Results: All patients achieved complete remission (CR). Relapse occurred in eight patients (20%); seven stage IV (MC) and one stage IA (LP) with progression to IIIB. Salvage chemotherapy consisted of MOPP/ABVD hybrid; six patients achieved a second sustained remission and three patients died: two due to relapse and progressive disease and the third one in CR, owing to thrombocytopenic hemorrhage and foudroyant pneumonia. The achieved overall and event-free survival was 88.1% and 75.4%, respectively. Aside from minor acute toxicities, three patients demonstrated azoospermia at the age of 18 years and one of these patients suffered non-Hodgkin lymphoma as a second malignancy. HD occurred as a second malignancy in two patients with acute lymphoblastic leukemia. Both received appropriate treatment and are over 10 years in CR.
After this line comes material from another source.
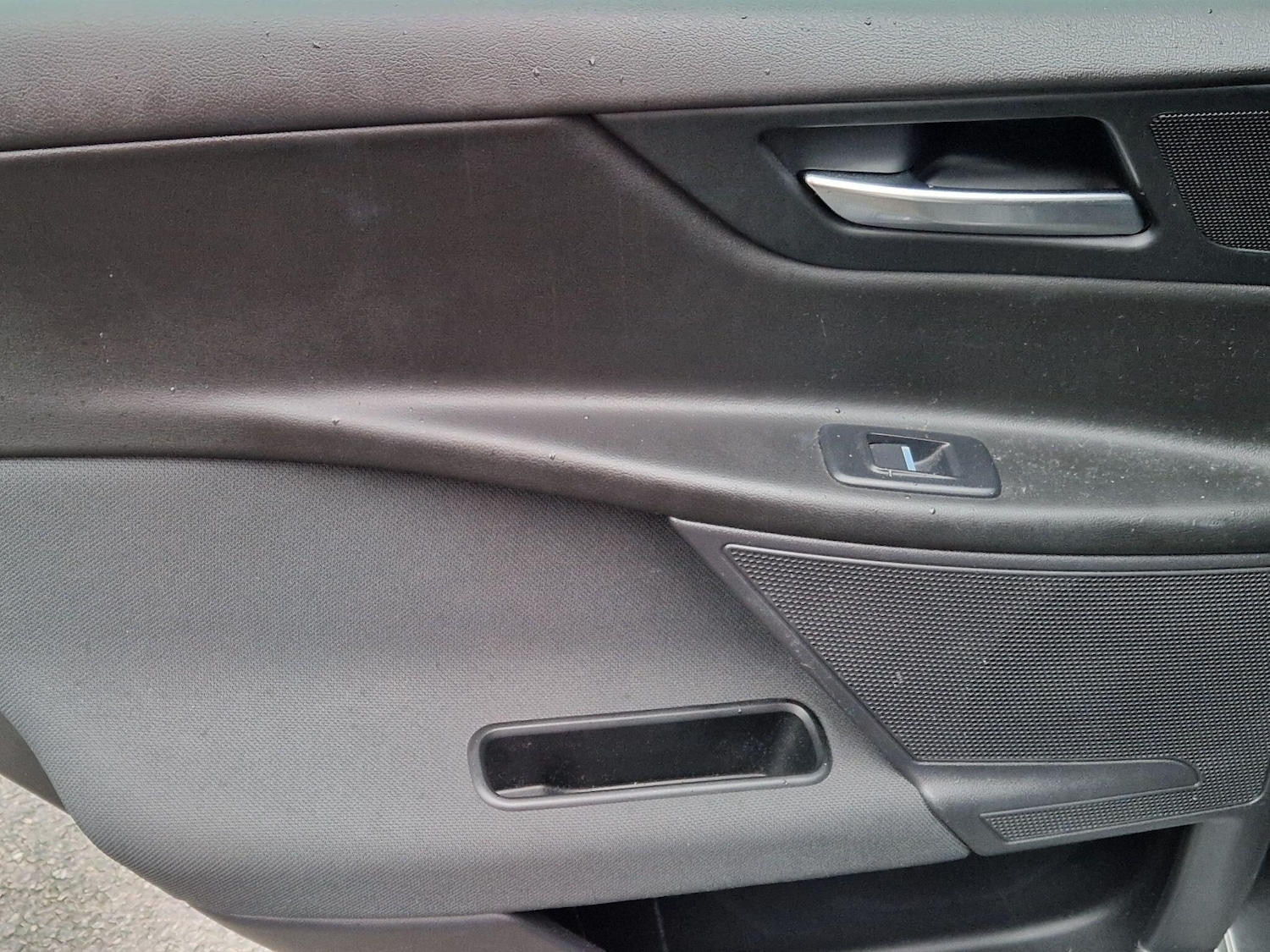 Used Jaguar XE 2017 for sale - 77306242: Photo 36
Conclusions: The DAL/GPOH-HD-based treatment approach proved to achieve long-term sustained cure even in children with advanced HD disease. The essentially outpatient diagnosis and treatment modus did not compromise the disease outcome, and was well tolerated and accepted by the patients and their parents. The employed drugs are easily available and affordable. This treatment approach is suitable for ambulatory use in developing countries. However, male infertility remains the major obstacle to procarbazin and cyclophosphamide use.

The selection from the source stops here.